Dinas Pemuda dan Olahraga (Dispora) Aceh bersama Ikatan Pelajar dan Mahasiswa Aceh Tenggara (IPMAT) Banda Aceh sukses menggelar Kampanye Pemuda Aceh Peduli Lingkungan. Kegiatan ini berlangsung di Hutan Kota Banda Aceh pada Kamis, 14 Mei 2026, dan diikuti oleh 120 mahasiswa dari berbagai perguruan tinggi di Banda Aceh.

Kampanye tersebut diisi dengan beragam kegiatan, mulai dari aksi penanaman pohon, diskusi tematik lingkungan, deklarasi Pemuda Aceh Peduli Lingkungan, penandatanganan petisi lingkungan, hingga pembersihan sampah di kawasan Hutan Kota. Acara ini turut dihadiri jajaran Pemerintah Aceh, unsur Forkopimda, serta lembaga pemerhati lingkungan.

Komitmen Pemerintah dan Peran Pemuda

Kepala Dispora Aceh, T. Banta Nuzullah, yang mewakili Pemerintah Aceh, secara resmi membuka kegiatan tersebut. Dalam sambutannya, ia menegaskan bahwa kampanye ini merupakan bagian dari komitmen Pemerintah Aceh dalam mendukung pembangunan berkelanjutan, selaras dengan visi dan misi Pemerintahan Mualem–Dek Fadh.

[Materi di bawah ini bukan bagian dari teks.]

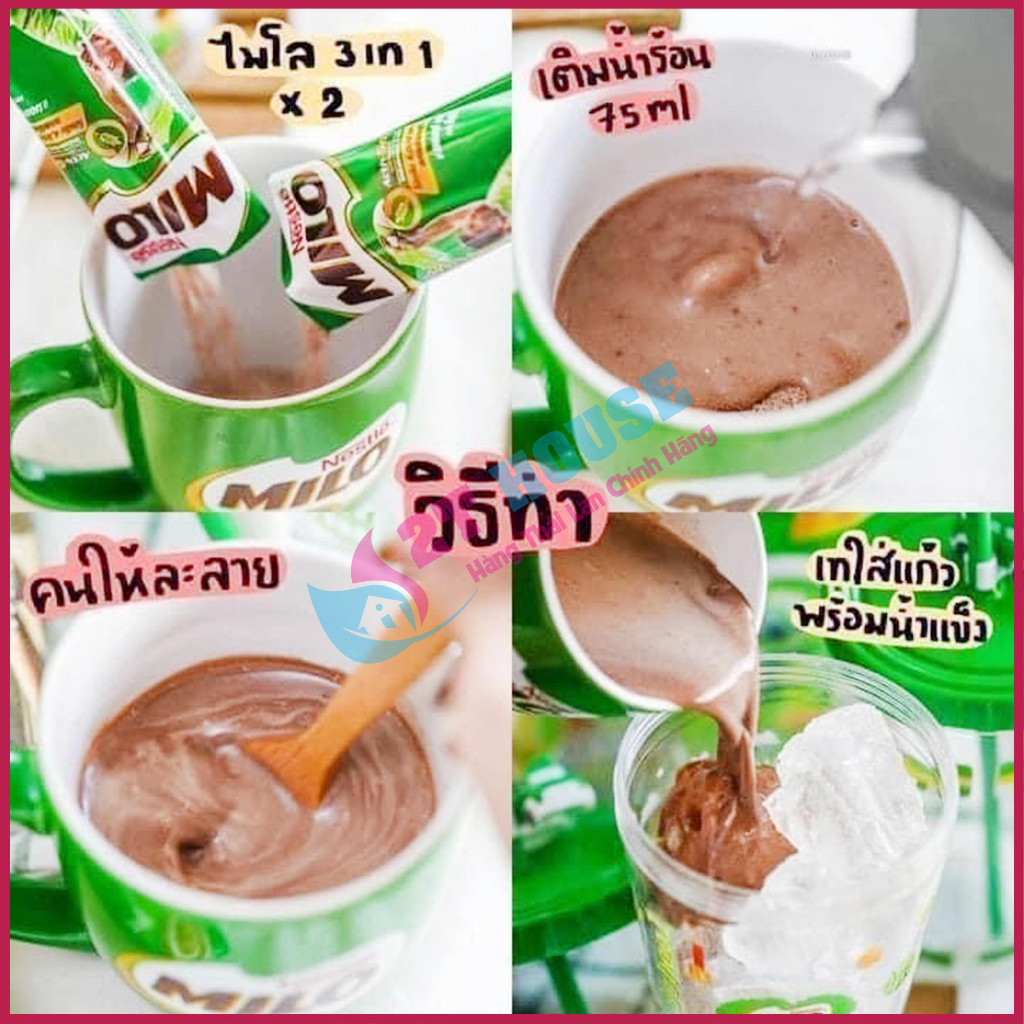 Milo gói pha sẵn/Sữa Milo bột cacao lúa mạch hoa tan bịch 48 gói siêu thơm ngon Nestle 576g 2T House Shop Hàng Thái Lan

“Penyelamatan lingkungan dan pelibatan aktif pemuda merupakan syarat penting dalam membangun Aceh yang berkelanjutan. Sebagai daerah rawan bencana, Aceh sangat membutuhkan peran pemuda dalam upaya mitigasi risiko bencana di masa depan,” kata T. Banta Nuzullah.

Sementara itu, Ketua IPMAT Banda Aceh, Sabaruddin, menjelaskan bahwa kampanye ini menjadi rangkaian awal dari agenda penanaman pohon yang direncanakan berlangsung pada Agustus mendatang di sejumlah lahan kritis di Aceh.

“Kami sangat berterima kasih kepada Dispora Aceh yang telah memberikan ruang dan dukungan penuh. Ini merupakan langkah awal kami untuk berkontribusi langsung terhadap wilayah-wilayah yang berpotensi menjadi sumber bencana,” ujarnya.

Dukungan terhadap inisiatif mahasiswa juga datang dari sektor BUMD. Sekretaris PT PEMA, Reza Hendra Putra, menyatakan kesiapan pihaknya untuk mendukung berbagai inisiatif positif mahasiswa demi pembangunan Aceh yang lebih baik.

Diskusi Tematik dan Deklarasi Lingkungan

Kegiatan itu juga diisi dengan Diskusi Tematik Lingkungan yang menghadirkan narasumber Kepala Dinas Pertanian dan Perkebunan Aceh, Azanuddin Kurnis, serta Kepala Bidang Pengembangan Pemuda Dispora Aceh, Masri Amin. Melalui diskusi itu, para narasumber mendorong pemuda dan mahasiswa untuk terus berperan aktif dalam pelestarian lingkungan sebagai upaya membentuk karakter generasi muda yang tangguh di masa depan.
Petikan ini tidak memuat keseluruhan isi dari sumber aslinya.